■ What to do: For each line of the listing, output an exact copy.

■ Data block:

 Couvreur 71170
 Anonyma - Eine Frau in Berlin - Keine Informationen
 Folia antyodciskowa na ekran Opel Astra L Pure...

■ Finished exercise:
 Couvreur 71170
 Anonyma - Eine Frau in Berlin - Keine Informationen
 Folia antyodciskowa na ekran Opel Astra L Pure...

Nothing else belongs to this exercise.